Google's new privacy policy went into effect today and from what I've read, many people seem confused and misinformed.

All Google has done is take over 60 different privacy policies and combine then into one easy to read concise policy. They have only changed the wording of the policy, they are not collecting more data or sharing anything with third parties.

If you have questions as to what Google has on you, go to their dashboard to see. You can even follow the links and delete much of what they have on you. But before you clear your online identity it's worth noting the benefits it provides.

I have 20,000 songs, 20,000 photos, 5,000 emails, 111 contacts, 198 bookmarks, 303 Google+ posts, 67 reader subscriptions, 24 Google Talk contacts and 13 YouTube videos. It's a large chunk of data but it's also a huge convenience and without the business model to support it would cost me hundreds of dollars a year to pay for all those services.

Google does not share this data with the advertiser, the advertiser selects the demographic and Google's algorithm makes it happen.

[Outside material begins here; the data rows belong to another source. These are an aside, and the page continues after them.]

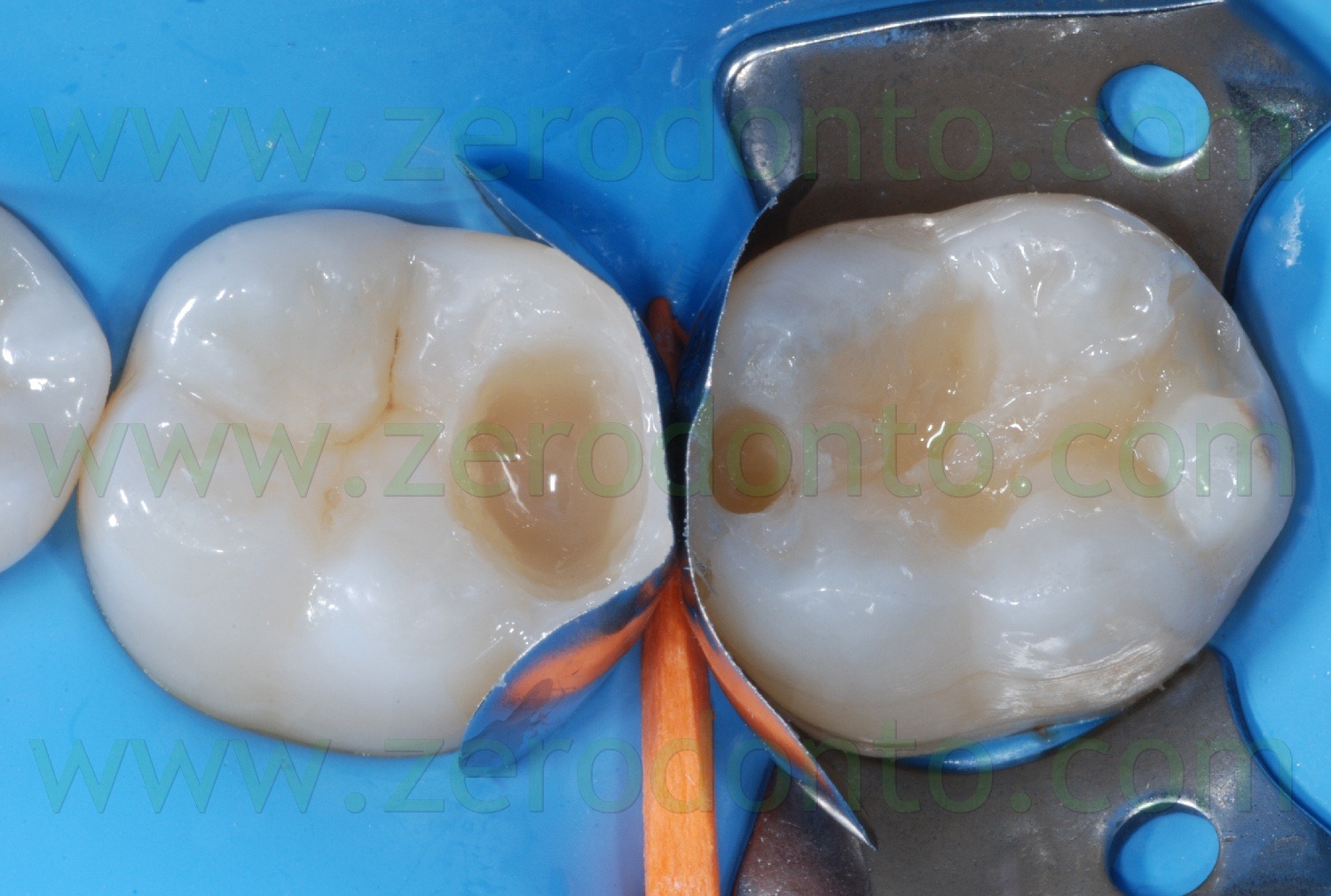 [Fig0089Rosti Q3[2].jpg]
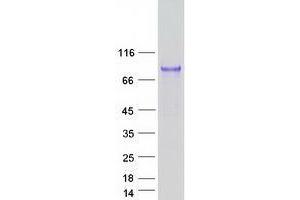 Western Blotting (WB) image for Uromodulin (UMOD) (Transcript Variant 1) protein (Myc-DYKDDDDK Tag) (ABIN2735074)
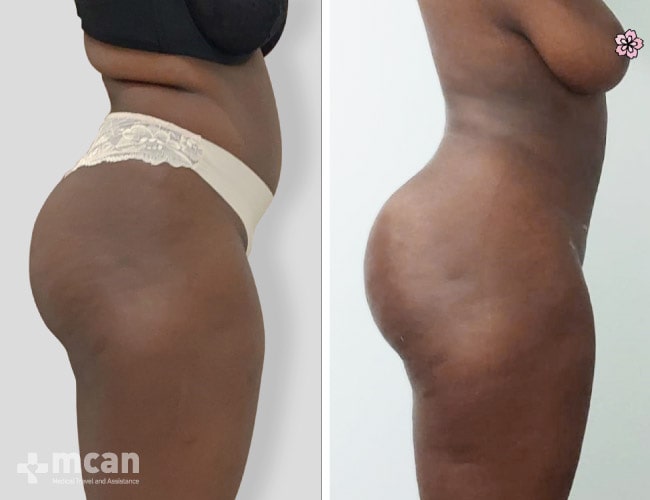 Liposuction - Before After 14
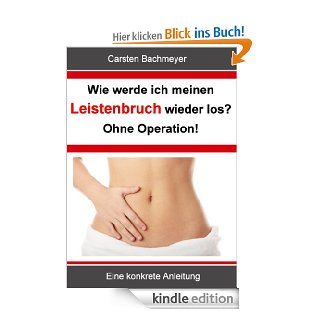 Wie werde ich meinen Leistenbruch wieder los? Ohne Operation!: Eine konkrete Anleitung eBook: Carsten Bachmeyer: Kindle Shop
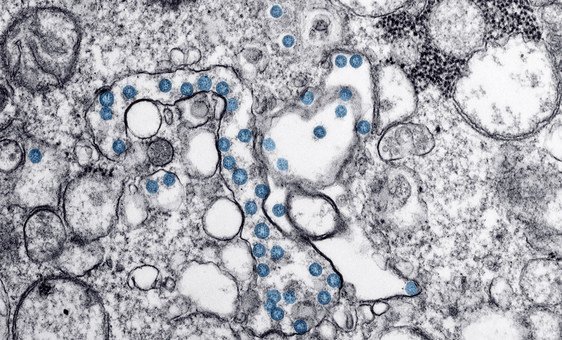 Imagem microscópica digitalmente aprimorada mostra uma infecção por coronavírus em azul.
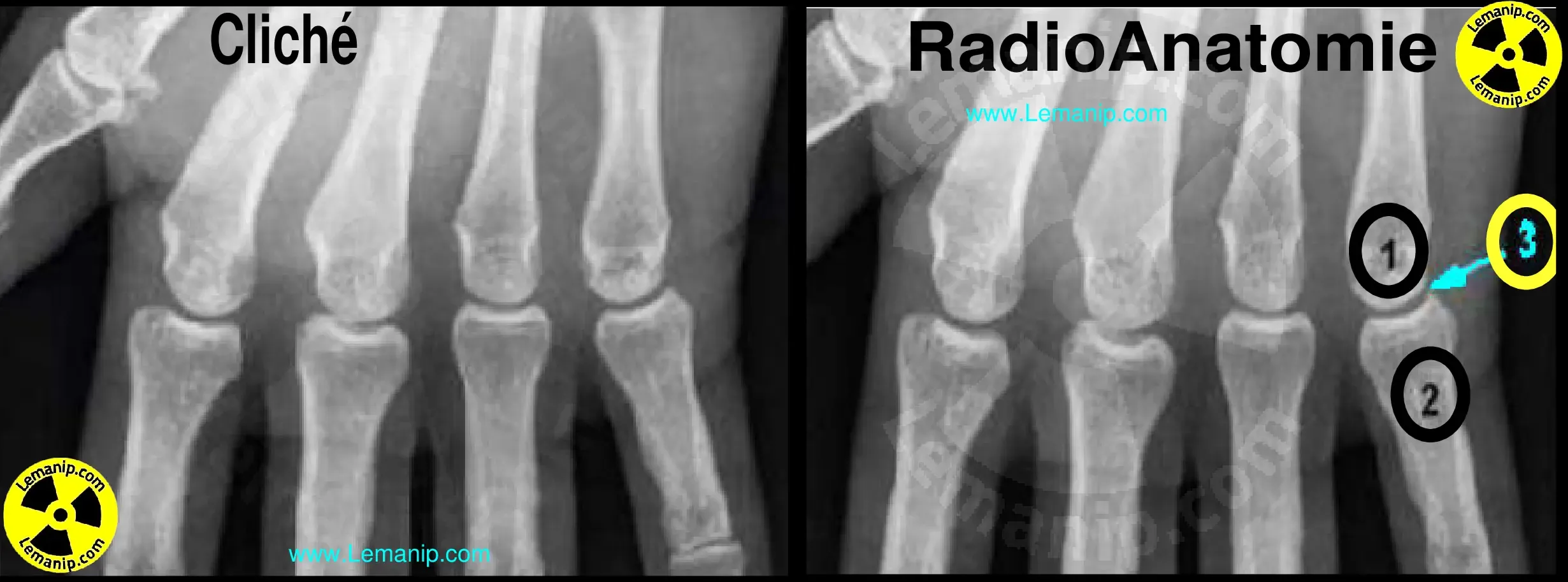 fractured 5th metacarpal treatment,broken 5th metacarpal treatment,broken 4th metacarpal,fractured 4th metacarpal,broken fourth metacarpal,fractured fourth metacarpal,broken hand metacarpal,fractured 5th metacarpal,broken fifth metacarpal,fractured fifth metacarpal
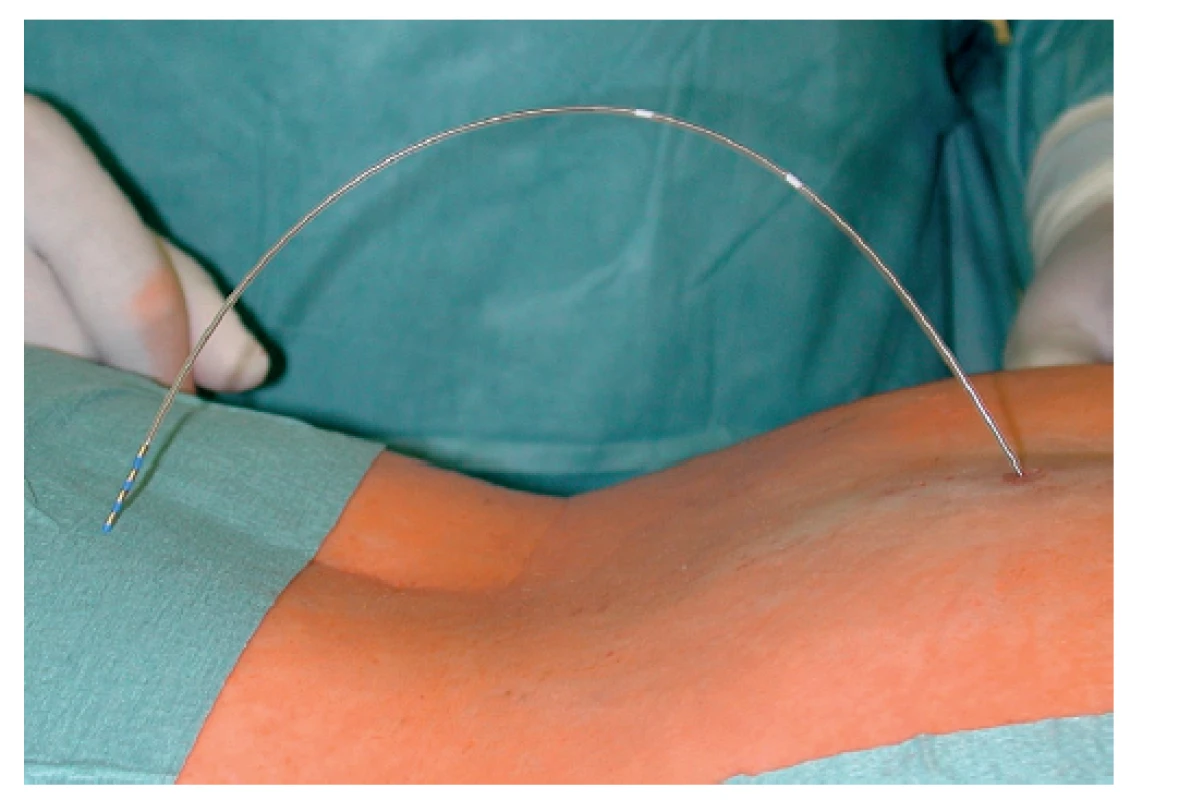 Zavedená „tined lead„ elektroda<br>
Fig. 2: Implanted “tined lead“ electrode
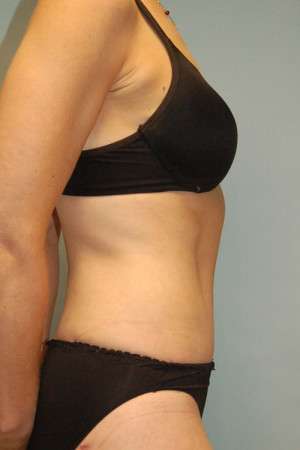Abdominoplasty Case 3938 After Photo Abdominoplasty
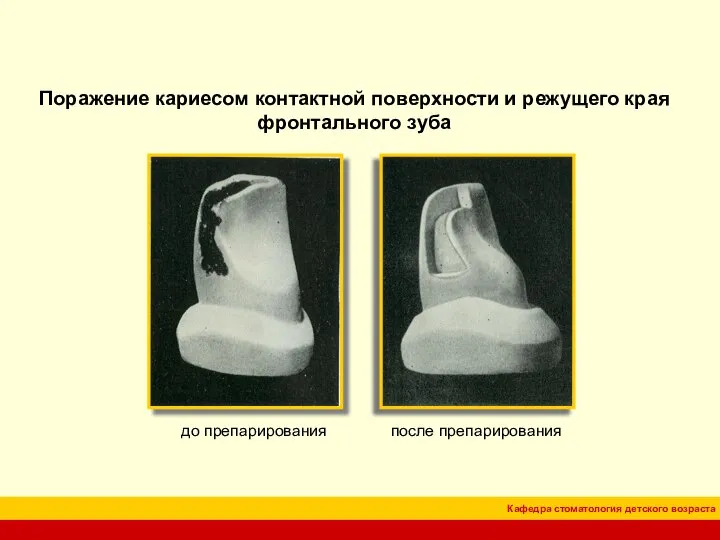 Поражение кариесом контактной поверхности и режущего края фронтального зуба до препарирования после препарирования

So by allowing Google to collect data on me I get access to my email from any device. My bookmarks are immediately available between my browser on all of my devices. My entire music and photo collection is available from any web browser or Android devices. My RSS feeds are synced between all of my devices so when read on one device, it will not show up on another. I'm able to make video calls and send instant messages for free to anyone on Google Talk around the world and make free voice calls to any phone in Canada and the US. I also have a place to share my thoughts and what's important to me on Google+ and YouTube.

The end result for all this data I share is that Google provides ads that are actually relevant to me.

Unfortunately for Google their privacy policy change comes at a bad time and to make matters worse it's really easy to read and understand. As a result the uninformed actually think the data collection between Google's services is new.

I don't understand how anyone can use a service like what Google provides and not wonder how they're making money. The unfortunate side effect of all of this privacy backlash will eventually result in government regulations. Regulations that will inevitable hamper and slow down the progress of an open and free internet.

I understand people's interest in privacy and as such I suggest that rather then try to change the internet to adopt your personal preference that you instead choose more carefully where you share your info and let the rest of us to share freely if we wish.